* _Work task_
Could you print the stretch of lines below from the one with "Hi guys! Hey, if" through the one with "Entonces, lo primero", exactly as they stand and without any pictures?

** Opening Provided material block **

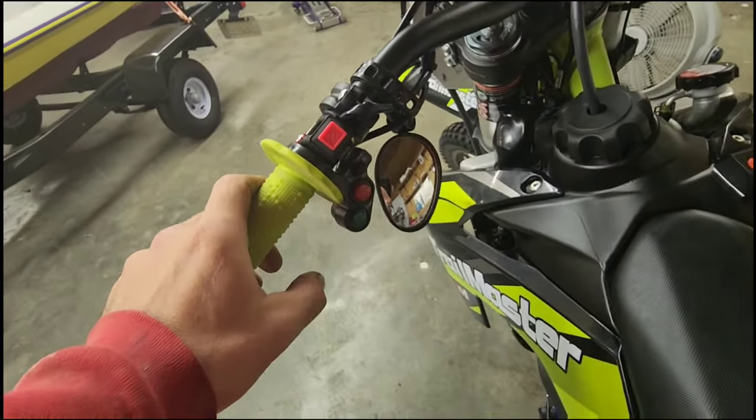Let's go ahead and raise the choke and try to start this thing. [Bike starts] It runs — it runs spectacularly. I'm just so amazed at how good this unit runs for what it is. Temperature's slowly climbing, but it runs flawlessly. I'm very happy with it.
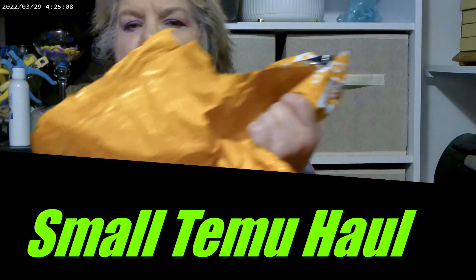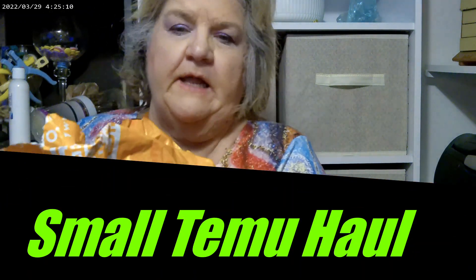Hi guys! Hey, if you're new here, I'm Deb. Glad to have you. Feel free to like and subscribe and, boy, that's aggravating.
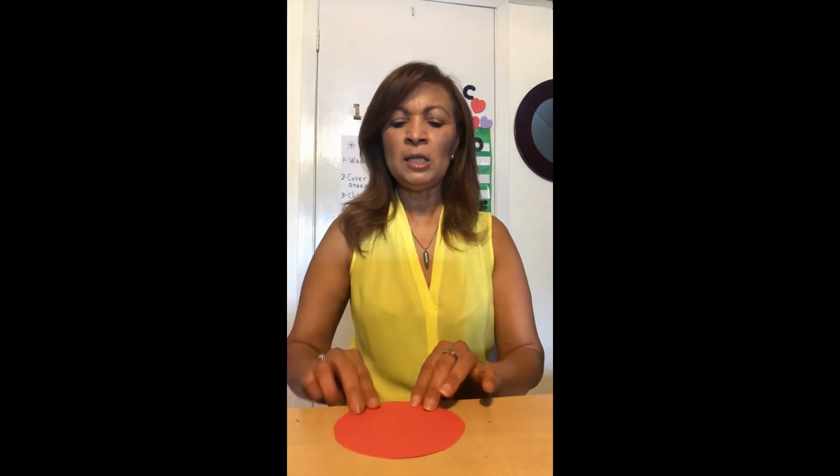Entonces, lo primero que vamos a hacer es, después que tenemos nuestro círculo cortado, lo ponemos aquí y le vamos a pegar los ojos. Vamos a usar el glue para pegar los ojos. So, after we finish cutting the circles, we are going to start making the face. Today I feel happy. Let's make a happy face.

** Closing Provided material block **
** Opening Provided material block **

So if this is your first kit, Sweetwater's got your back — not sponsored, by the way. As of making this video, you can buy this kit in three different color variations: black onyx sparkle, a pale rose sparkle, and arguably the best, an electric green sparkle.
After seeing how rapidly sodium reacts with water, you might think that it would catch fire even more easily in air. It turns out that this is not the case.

** Closing Provided material block **
** Opening Provided material block **

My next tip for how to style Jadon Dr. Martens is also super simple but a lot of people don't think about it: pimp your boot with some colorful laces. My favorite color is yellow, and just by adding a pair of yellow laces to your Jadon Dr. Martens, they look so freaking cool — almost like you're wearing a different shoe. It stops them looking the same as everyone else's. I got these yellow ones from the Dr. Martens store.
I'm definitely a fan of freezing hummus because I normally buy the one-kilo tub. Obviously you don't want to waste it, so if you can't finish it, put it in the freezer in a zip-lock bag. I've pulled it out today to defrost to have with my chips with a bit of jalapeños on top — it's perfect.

** Closing Provided material block **

* _Answer area_
Hi guys! Hey, if you're new here, I'm Deb. Glad to have you. Feel free to like and subscribe and, boy, that's aggravating.
Entonces, lo primero que vamos a hacer es, después que tenemos nuestro círculo cortado, lo ponemos aquí y le vamos a pegar los ojos. Vamos a usar el glue para pegar los ojos. So, after we finish cutting the circles, we are going to start making the face. Today I feel happy. Let's make a happy face.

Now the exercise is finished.